This blog post is the follow-up post about this older post from 2016: Finding an optimised keyboard for Malagasy

I wrote that post back in November 2016 about how inefficient the AZERTY keyboard — currently in use by most Malagasy people — was. It has an abysmal performance and may even lead to finger joints problem after extensive use over the years.

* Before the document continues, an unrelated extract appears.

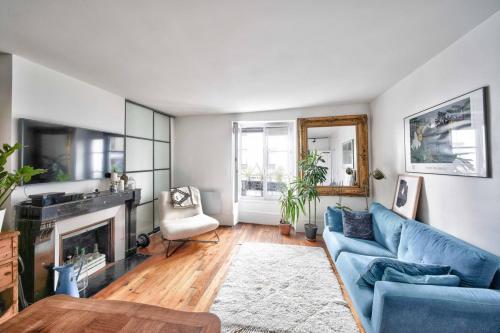Cute apartment near Montmartre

Feedback from first versions

After spending a few days iterating over layouts, I came up with a first version that scored really well with the test corpus, and even used it for a couple years, but besides it being not popular at all, it suffered some flaws:

  • Accented characters in Malagasy are OK, but accented letters in French, which is also used by most Malagasy people using a computer, were severely lacking
  • Programming was hard as some characters such as the anti slash were not present.
  • Money symbols like the Euro or the Pound were absent. While not a major inconvenience, their absence can sometimes be felt when writing in about the UK (use of Pound Sterling) or France (which uses Euro), for instance.
  • The characters “<” and “>” were not type-able on certain keyboards, including the laptop I was using back in 2017.

After having spend a couple years getting used to the first iteration and noting its flaws, I have come up with another version, which takes some improvements suggested by Ian Douglas (see comments on the older post).

Version 3

So this Keyboard basically is a major change compared to the previous iteration, as several keys have been moved or swapped. Most notably

  • The U key is now moved to the right-hand side of the keyboard. U is not used in native words
  • The Apostrophe and Double quote has been moved to the left side of the keyboard. The most common word using the apostrophe is amin’ny which would allow us here to type it by alternating left and right hands.
  • the accented O has its own key. Like accented letters in French, Ô is not a considered a separate letter but it’s often used.

Analysis Results

When accessing the analysis results, we have the following winners:

The heatmap for the Version 3 is as follows:

The row usage is as follows

Below is the hand usage for our sample text based on Sarasara Tsy AmbakaIt heavily favours the left hand against the right hand as Malagasy uses a lot of vowels, which are all on the left hand side of the home row right below the user’s fingers.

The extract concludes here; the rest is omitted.